Norwegian has outlined the next steps in its plans to launch transatlantic routes from Cork and Shannon Airport.
The announcement comes as the airline’s Irish subsidiary Norwegian Air International was awarded a foreign carrier permit by the US authorities this weekend.
Norwegian plans to operate daily transatlantic flights between Ireland and the US East Coast.
The routes will be operated by crew from two new bases in the US, as well as NAI’s European crew from European bases.
Norwegian’s chief executive has also praised the huge support received from across Ireland during the airline’s long-running application with the US authorities.
Bjorn Kjos said: “We welcome the long overdue news that our Irish subsidiary Norwegian Air International has been granted a foreign carrier permit by the US Department of Transportation.
“I would like to offer my sincere thanks for the significant and invaluable support we have received from across Ireland over the past three years – the efforts by the Irish government, key politicians and authorities, Cork Airport and many others have all played a crucial role in the US authorities finally approving our application.

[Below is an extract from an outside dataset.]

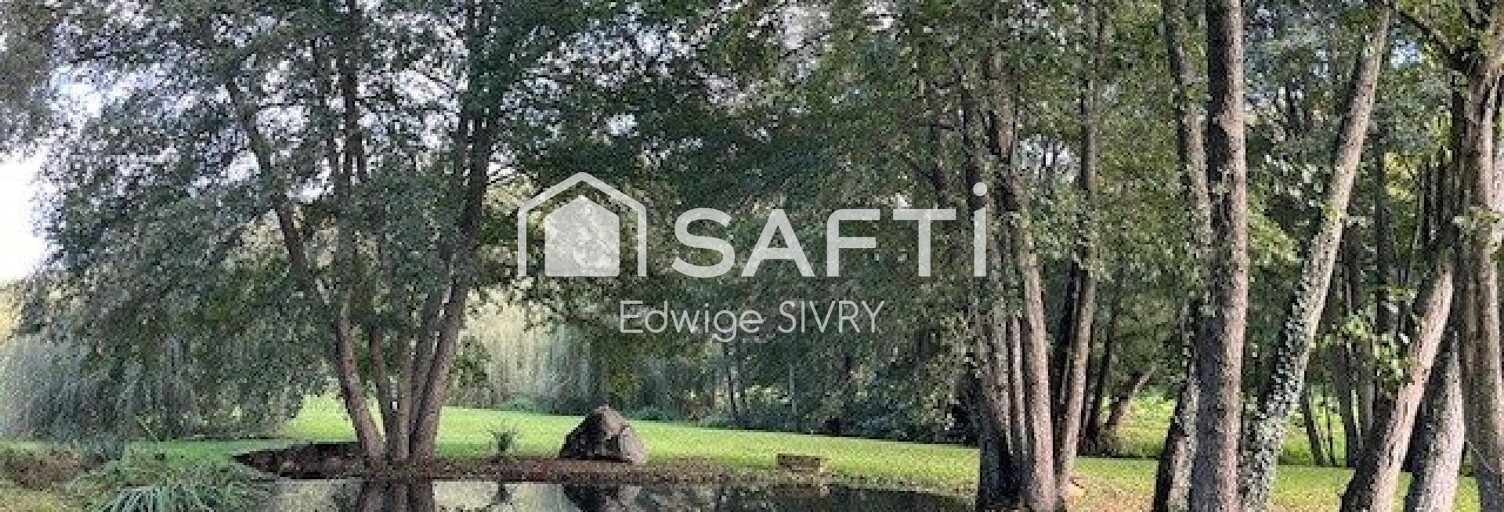 Maison 7 Pièces 420 m² à vendre à Semur-en-Auxois (21140)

“With final approvals now in place we have the green light to finalise our exciting plans for new low-cost transatlantic routes from Ireland.
“We are delighted to offer these long-awaited services which will create huge business, leisure and tourism opportunities on both sides of the Atlantic.”
Detailed work is already underway to finalise Norwegian’s plans for transatlantic flights from Ireland.
This includes finalising details on routes, flight schedules and fares.
Norwegian expects to announce the final plans in early 2017.
Norwegian is planning new transatlantic routes from Cork and Shannon Airport to serve the Boston and New York areas on the east coast of America.
Crew from the new US bases and European crew from across Norwegian Air International’s existing European bases will operate the flights.
Norwegian is actively recruiting new crew and pilots across Europe and the US to match the airline’s fleet growth and route expansion - new flights from airports such as Cork will help support many more new jobs both in the air and on the ground.
Kjos added: “Detailed planning work started immediately after having received the permit, with the first flights planned to take off next summer.
“I look forward to confirming full details in early 2017, but I can promise passengers that our flights from Cork and Shannon will be focussed on making transatlantic travel affordable for all, with low-cost fares and a high-quality service.”